## WHAT IS BEING ASKED
Could you output exactly the lines running from the one containing "1941 Chevy Flatbed" to the final line of the listing below, leaving out pictures?

## DATASET
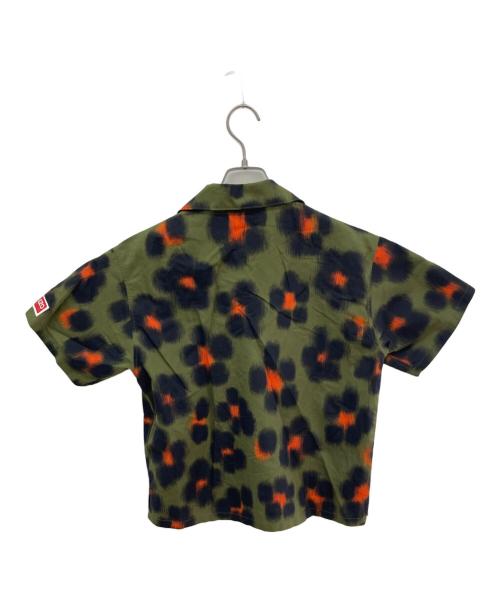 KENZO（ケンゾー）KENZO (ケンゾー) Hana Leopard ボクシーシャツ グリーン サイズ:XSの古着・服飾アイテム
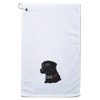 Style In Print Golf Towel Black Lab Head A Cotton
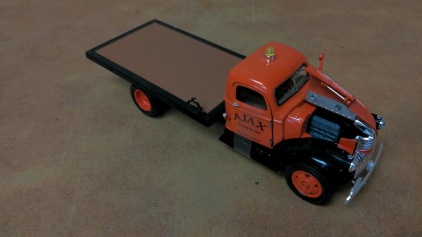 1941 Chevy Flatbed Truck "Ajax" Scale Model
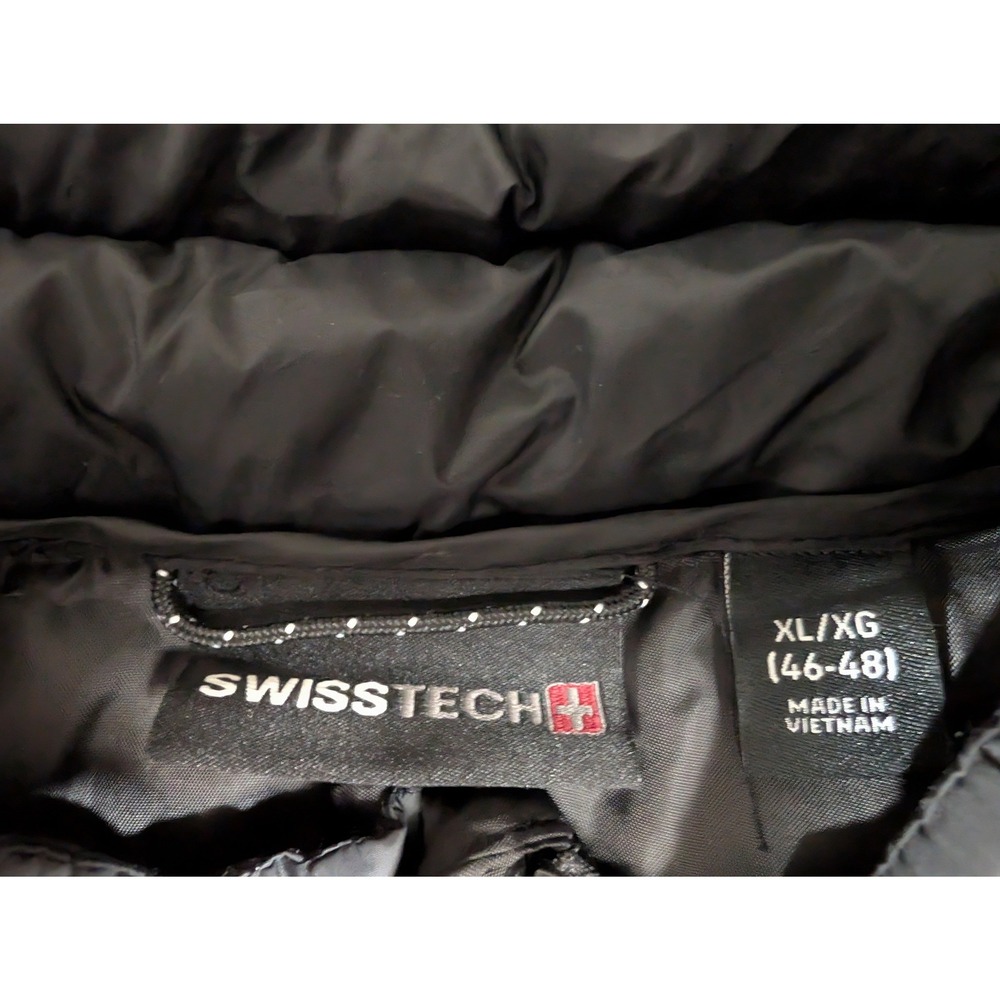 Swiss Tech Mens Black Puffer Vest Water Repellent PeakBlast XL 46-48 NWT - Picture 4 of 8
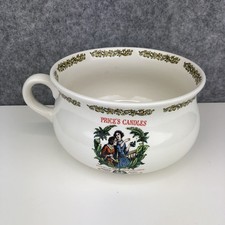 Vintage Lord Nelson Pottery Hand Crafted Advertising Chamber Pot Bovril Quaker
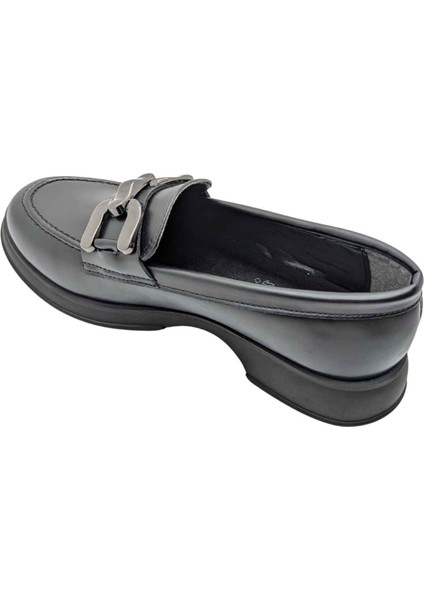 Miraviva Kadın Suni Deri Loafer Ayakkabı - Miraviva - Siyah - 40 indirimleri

## RESPONSE FOR THIS EXERCISE
 1941 Chevy Flatbed Truck "Ajax" Scale Model
 Swiss Tech Mens Black Puffer Vest Water Repellent PeakBlast XL 46-48 NWT - Picture 4 of 8
 Vintage Lord Nelson Pottery Hand Crafted Advertising Chamber Pot Bovril Quaker
 Miraviva Kadın Suni Deri Loafer Ayakkabı - Miraviva - Siyah - 40 indirimleri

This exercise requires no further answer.